In support of their assertion that no admissible evidence supports Plaintiff’s claims, Defendants also submitted excerpts from the February 7, 2023 deposition of successor-in-interest Hannah Louise Miranda showing she was not present when the incident occurred and has little information about it. 

As noted, in moving for summary judgment, “‘[t]he defendant may . . . present evidence that the plaintiff does not possess, and cannot reasonably obtain, needed evidence—as through admissions by the plaintiff following extensive discovery to the effect that he has discovered nothing.’” (Andrews v. Foster Wheeler LLC (2006) 138 Cal.App.4th 96, 106-107, quoting Aguilar, supra, 25 Cal.4th at p. 855.) “If plaintiffs respond to comprehensive interrogatories seeking all known facts with boilerplate answers that restate their allegations, or simply provide laundry lists of people and/or documents, the burden of production will almost certainly be shifted to them once defendants move for summary judgment and properly present plaintiffs' factually devoid discovery responses.”  (Id. at p. 107.) 

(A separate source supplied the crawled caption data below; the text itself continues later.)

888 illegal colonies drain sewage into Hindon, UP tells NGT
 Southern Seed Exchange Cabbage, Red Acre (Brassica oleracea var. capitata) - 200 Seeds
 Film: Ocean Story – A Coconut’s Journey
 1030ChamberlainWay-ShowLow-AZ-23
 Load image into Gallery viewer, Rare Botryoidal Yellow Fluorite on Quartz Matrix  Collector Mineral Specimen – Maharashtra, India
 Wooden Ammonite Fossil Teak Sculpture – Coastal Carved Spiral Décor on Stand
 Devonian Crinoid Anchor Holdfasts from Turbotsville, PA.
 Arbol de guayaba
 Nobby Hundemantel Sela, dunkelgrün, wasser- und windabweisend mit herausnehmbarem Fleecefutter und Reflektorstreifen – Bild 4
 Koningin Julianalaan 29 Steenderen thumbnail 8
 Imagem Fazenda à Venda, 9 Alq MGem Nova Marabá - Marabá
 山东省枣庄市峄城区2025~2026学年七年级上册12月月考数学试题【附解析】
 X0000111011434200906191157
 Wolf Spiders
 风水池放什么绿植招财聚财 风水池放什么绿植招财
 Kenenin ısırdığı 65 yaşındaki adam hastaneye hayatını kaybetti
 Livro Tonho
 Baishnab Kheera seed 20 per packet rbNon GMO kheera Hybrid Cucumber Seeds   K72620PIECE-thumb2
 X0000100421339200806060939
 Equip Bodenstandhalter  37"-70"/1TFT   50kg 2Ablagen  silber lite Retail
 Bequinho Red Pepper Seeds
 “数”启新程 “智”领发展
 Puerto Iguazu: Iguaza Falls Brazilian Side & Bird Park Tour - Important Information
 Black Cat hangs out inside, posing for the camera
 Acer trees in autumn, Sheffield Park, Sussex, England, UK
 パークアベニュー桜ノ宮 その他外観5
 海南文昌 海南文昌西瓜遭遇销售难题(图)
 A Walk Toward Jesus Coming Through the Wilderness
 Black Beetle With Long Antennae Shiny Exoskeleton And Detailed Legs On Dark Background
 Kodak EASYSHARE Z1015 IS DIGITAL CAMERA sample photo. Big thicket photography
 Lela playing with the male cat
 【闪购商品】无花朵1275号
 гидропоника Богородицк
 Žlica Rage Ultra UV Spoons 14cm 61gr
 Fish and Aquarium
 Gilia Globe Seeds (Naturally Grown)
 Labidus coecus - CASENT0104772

Here, Plaintiff responded to Defendants’ discovery with answers that merely restated the allegations in Plaintiff’s complaint.  Defendants therefore carried their initial burden of presenting evidence that no triable issues of fact exist.  (See Aguilar, supra, 25 Cal.4th at p. 850.) The burden now shifts to Plaintiff. 

Plaintiff argues that summary judgment is premature because her claims continue to be explored in discovery.  Plaintiff states she was named successor-in-interest on or about October 3, 2022 and has not yet been able to conduct an inspection of the premises.[2]  In addition, Plaintiff contends she needs additional time to oppose the summary judgment motion to “conduct additional discovery which includes taking an inspection of the premises, defendant’s PMK depositions, and conducting additional written discovery related to the condition of the premises.” 

The alleged incident at issue in this case took place on February 1, 2019.  The lawsuit was filed on February 1, 2021.  Plaintiff has not explained why – despite the passage of time, her lack of knowledge about the incident, and her failure to obtain useful information to date – she believes further discovery will yield information that supports her claims. The Court finds that Plaintiff has not shown that “facts essential to justify opposition may exist but cannot, for reasons stated, be presented . . . .”  (Code Civ. Proc., § 437c, subd. (h).)  

In addition, Plaintiff has not presented evidence that raises a triable issue of material fact.  Therefore, the Court grants the motion for summary judgment. 

CONCLUSION 

The summary judgment motion of Defendants Vafa Properties LLC, Baskin-Robbins LLC, Baskin-Robbins USA LLC and Baskin-Robbins Franchising LLC is GRANTED. 

Moving parties are ordered to give notice of this ruling. 

Moving parties are ordered to file the proof of service of this ruling with the Court within five days.

[1] Plaintiff contends the discovery was “not directed towards Plaintiff as Suc[c]essor-In-Interest to Decedent.”  (Opposition p. 5.)  Successor-in-interest Hannah Louise Miranda verified the discovery responses.

[2] In addition, Plaintiff contends she needs additional time to oppose the summary judgment motion “due to Defendants’ belatedly filed Declaration [of Jacqueline M. Almodovar] . . . .”  In fact, Defendants attached a declaration from Jacqueline M. Almodovar to their motion for summary judgment, filed March 1, 2023.  The subsequent declaration by Jacqueline M. Almodovar, filed June 22, 2023, did not provide any new information warranting a continuance.